# [About this exercise]
Quote the entries below from the line with "450公斤狮虎兽，对战狮子大小的虎狮兽，谁能赢得胜利？ - 4" through the line with "夜勤前に明日の夜のおかず釣り", both ends included, and only those lines.

# [Input material]
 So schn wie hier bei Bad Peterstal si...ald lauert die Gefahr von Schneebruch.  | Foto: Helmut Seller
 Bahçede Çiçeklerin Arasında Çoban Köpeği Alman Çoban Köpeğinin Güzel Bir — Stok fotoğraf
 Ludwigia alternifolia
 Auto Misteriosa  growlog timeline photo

...

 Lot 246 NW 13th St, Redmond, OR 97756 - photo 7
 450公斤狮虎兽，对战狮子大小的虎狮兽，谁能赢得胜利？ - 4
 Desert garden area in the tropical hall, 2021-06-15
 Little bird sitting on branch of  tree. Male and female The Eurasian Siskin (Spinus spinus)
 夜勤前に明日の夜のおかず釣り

...

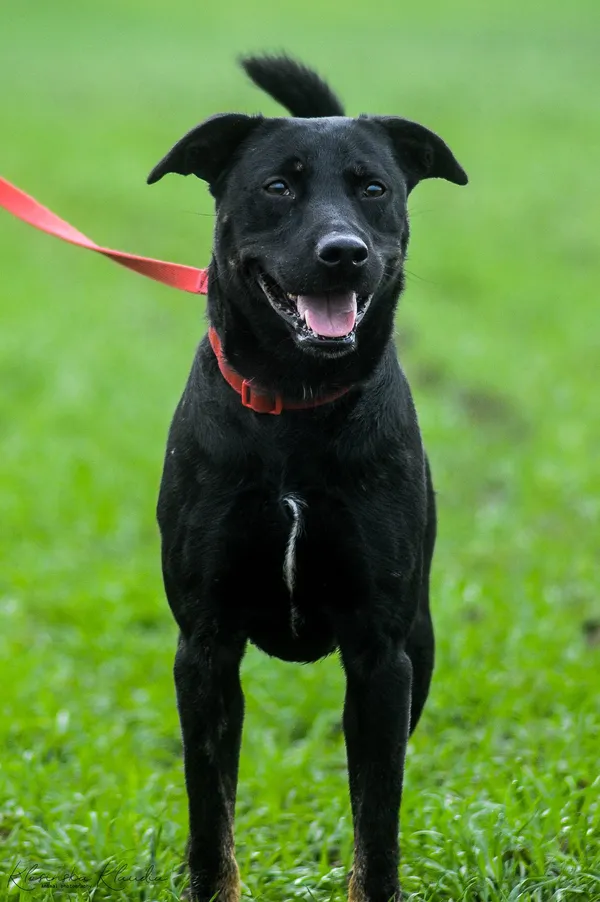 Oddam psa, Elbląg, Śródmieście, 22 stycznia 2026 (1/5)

# [Task response]
 450公斤狮虎兽，对战狮子大小的虎狮兽，谁能赢得胜利？ - 4
 Desert garden area in the tropical hall, 2021-06-15
 Little bird sitting on branch of  tree. Male and female The Eurasian Siskin (Spinus spinus)
 夜勤前に明日の夜のおかず釣り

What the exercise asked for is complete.